Symcha (Sam) Rusinek, 99, of Maplewood died June 14, 2019. Born in Sosnowiec, Poland, he lived in Bedzin, fleeing his home on the brink of the Nazi invasion in 1939. Travelling east, he survived by engaging in hard labor in coal mines in Russia, surviving in the forests, living among indigenous peoples, and listening to his self-made short-wave radio.
After the war, Mr. Rusinek tried to return home to Poland, but none of his family had survived the Holocaust. He then made his way to Italy. His mission was to find a sea vessel that would take him, along with other Jewish Holocaust survivors, to Palestine. They found a boat, where they hid under tarps and rags so as not to be discovered. As they approached the shore of pre-state Israel, they were captured by the British and imprisoned in Cyprus behind barbed wire. In Cyprus, he and his peers tunneled out and smuggled guns in, coming together to form the Haganah and fight in Israel’s War of Independence. He was one of the founders of a former kibbutz, Shvilim, near Nes Tziona, and was a policeman in the young State of Israel.

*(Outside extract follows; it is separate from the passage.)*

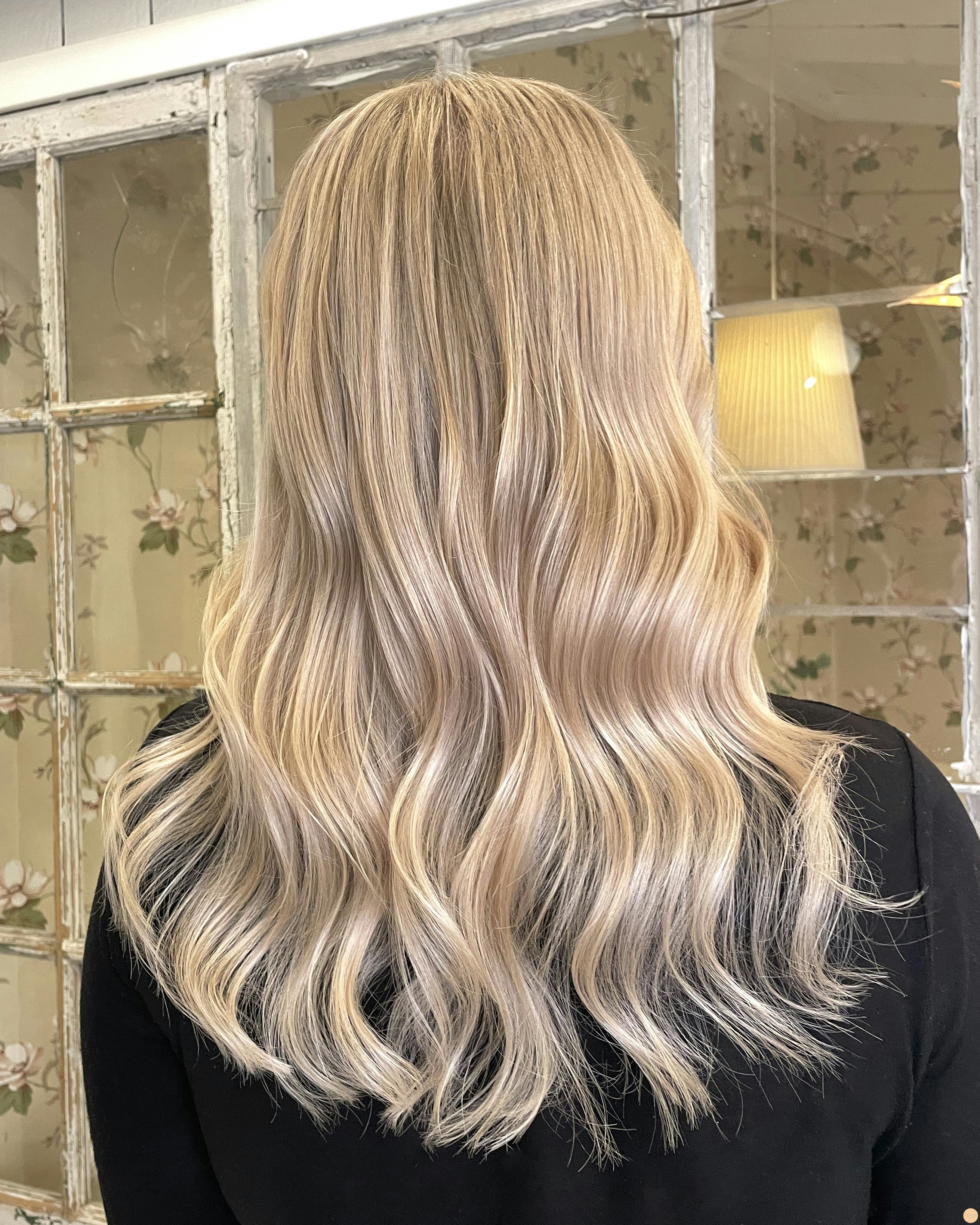 Cool and Creamy blonde hair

He met his late wife, Malka Kaminska, a survivor of the Auschwitz death march and Birkenau concentration camps, when she traveled from Sweden to Israel to meet him. They moved to Sweden after their marriage before immigrating to the United States and settling in Newark and later Maplewood.
He obtained his plumber’s license and worked as a plumber for Newark Beth Israel Hospital, Seton Hall University, Litzbauer Brothers, and others. He was also proficient as a builder, electrician, carpenter, and tailor. He was fluent in English, Hebrew, Yiddish, Polish, Swedish, and Russian.
He is survived by his daughter, Birgitta (Bonnie), and two granddaughters.
Services were held June 16 with arrangements by Bernheim-Apter-Kreitzman Suburban Funeral Chapel, Livingston. Memorial contributions may be made to Jewish National Fund.